DATA FOR ANALYSIS:

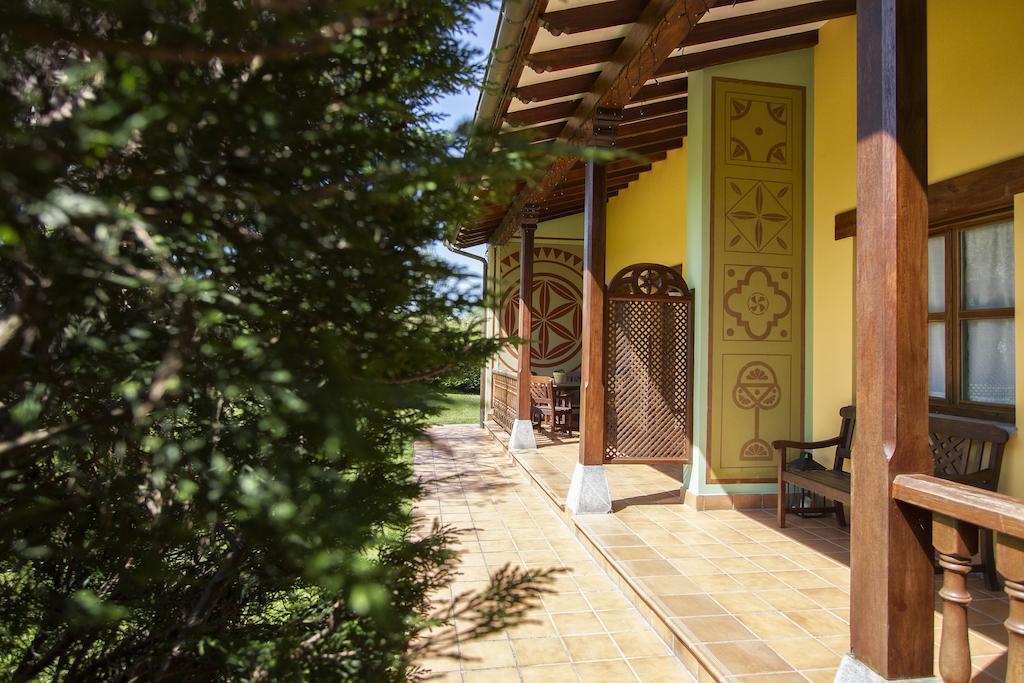 Apartamentos Camin De Pelayo Las Rozas Exterior photo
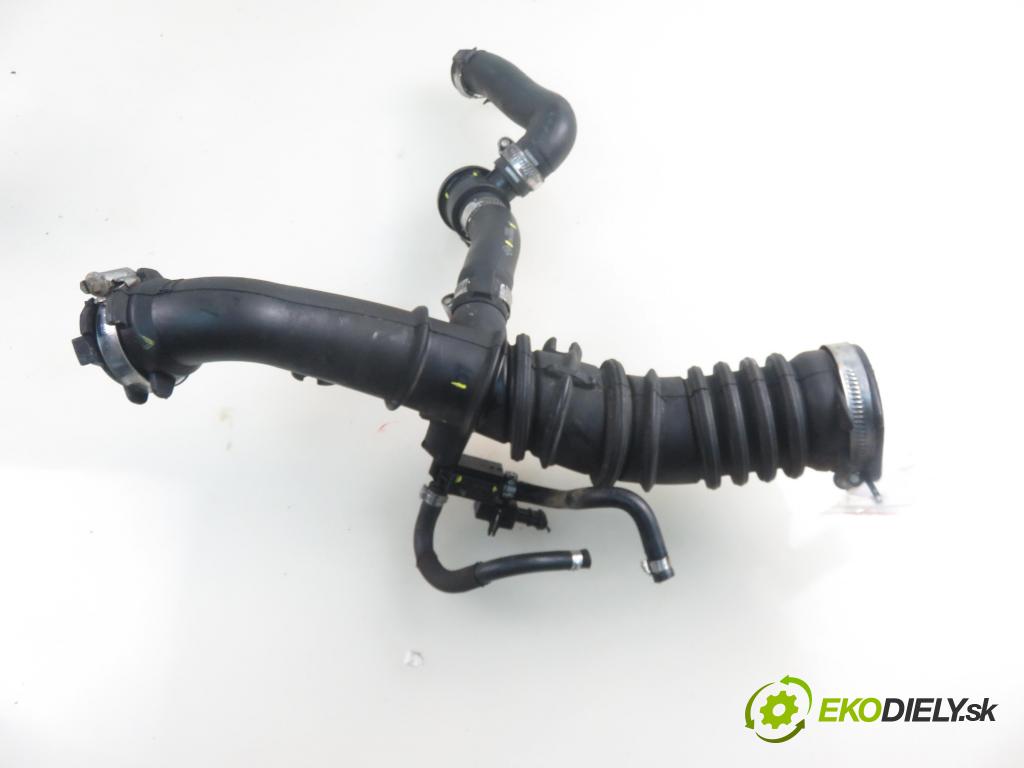 RENAULT CLIO III Grandtour (KR0/1_) KOMBI 2010 76,00 1.2 16V TCE - D4F 786 1149,00 Rúra prívodu vzduchu 0280142118 ; 8200519077 ; 8200828342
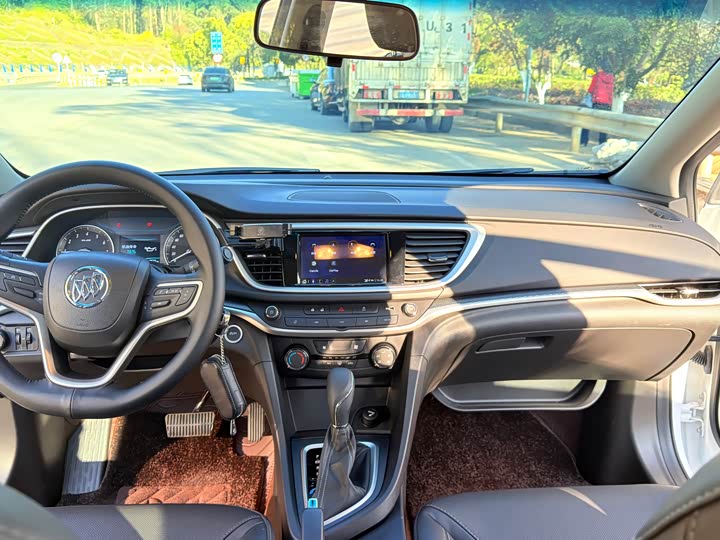 Фото 9 - Buick Excelle GT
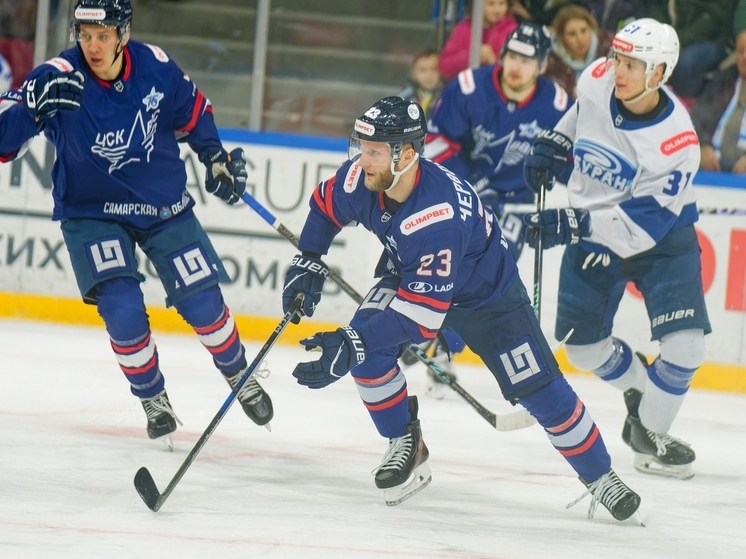 Самарский ХК ЦСК ВВС завершит выездную серию встречей с «Бураном» в Воронеже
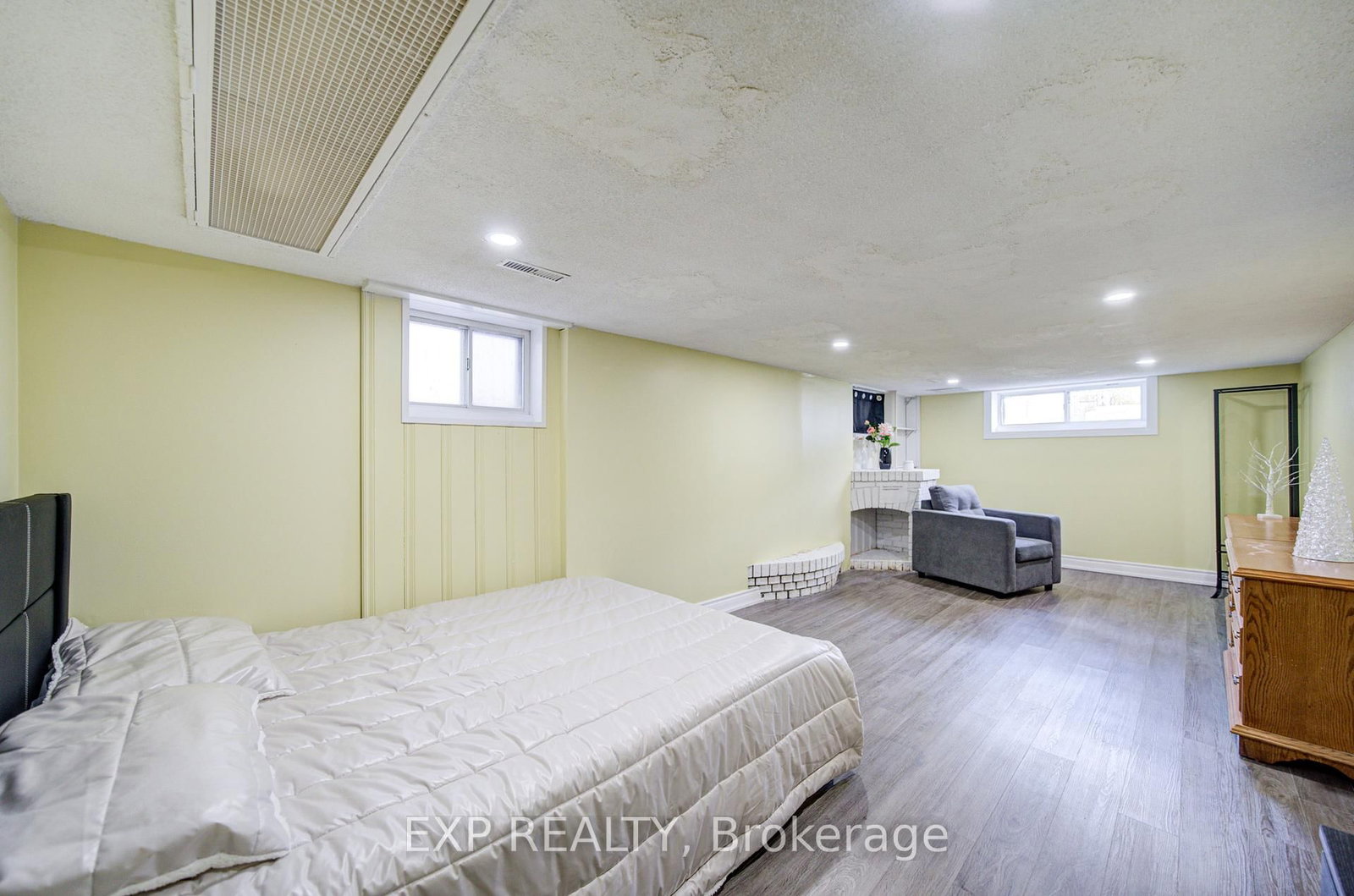 95 E Reidmount Avenue • Toronto, ON photo 18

TO DO: Retype the records exactly. Any image in them should not appear in what you write.

RESPONSE:
 Apartamentos Camin De Pelayo Las Rozas Exterior photo
 RENAULT CLIO III Grandtour (KR0/1_) KOMBI 2010 76,00 1.2 16V TCE - D4F 786 1149,00 Rúra prívodu vzduchu 0280142118 ; 8200519077 ; 8200828342
 Фото 9 - Buick Excelle GT
 Самарский ХК ЦСК ВВС завершит выездную серию встречей с «Бураном» в Воронеже
 95 E Reidmount Avenue • Toronto, ON photo 18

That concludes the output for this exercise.